So an aide to former Massachusetts Gov. Mitt Romney told a reporter to "shove it," and to kiss his behind. This was a sad development, but not because of the (marginally) crude language of the campaign aide. It was because of what the episode and the reaction to it says about modern campaigns and journalism.
To start, everyone was cranky. It's fewer than 100 days until the election, which makes everyone cranky. The time zone challenges of heading from the United States to Britain to Israel to Poland made it worse. The press corps was rightly cranky, since Romney almost never takes time for press. And the Romney campaign was understandably cranky, since his foreign trip was not quite going as planned.
So there Romney was, at Warsaw's Tomb of the Unknown Soldier, a solemn memorial site in Poland, and heading back to his car when a couple of reporters yelled out questions. "What about your gaffes?!?!" screamed one. The Romney aide responded with the colorful comments, irritated at the indelicacy of screaming out a question at such a site, and quite possibly, more than a little annoyed that Romney's trip had been dominated by the candidate's poor choices of commentary. Bottom line: The aide should not have lost his cool. But the press corps should not have shouted out questions—especially ones like that—at a sacred site in a foreign country. And Romney should be more available, so reporters don't have to stoop that low.
But the most disturbing development is that this event became news at all. It's not the first time a press secretary or aide spoke that way to a reporter—and reporters have gotten as hot under the collar as the aide. In past campaigns, one or the other would have made a crude comment, apologized for it later (as the Romney aide did), and then offer to buy the offended party a drink. None of it would have been in a newspaper, or on TV, because it is not news. It is just a normal workplace conflict and its significance is dwarfed by real issues that affect actual American voters.

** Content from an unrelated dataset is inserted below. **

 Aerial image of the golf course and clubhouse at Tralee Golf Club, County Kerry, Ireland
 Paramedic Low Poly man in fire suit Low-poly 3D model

Technology has made things worse, even as it has allowed news organizations to tell more and to tell it more quickly. Now, everything is "news," even when it isn't. So not only are readers and viewers offered minutiae and gossip, but candidates are more wary. It's no use traveling with a candidate, since the contenders almost never come back on the plane or the bus and just chat with reporters. But can you blame them, when everything they say, or what their face looks like when they're saying it, shows up in some inane Tweet or blog?
Central and Eastern Europe, home to relatively new democracies, is also still struggling with the idea of press freedom and accountability. The display by both the campaign and some of the reporters covering it this week was an embarrassment.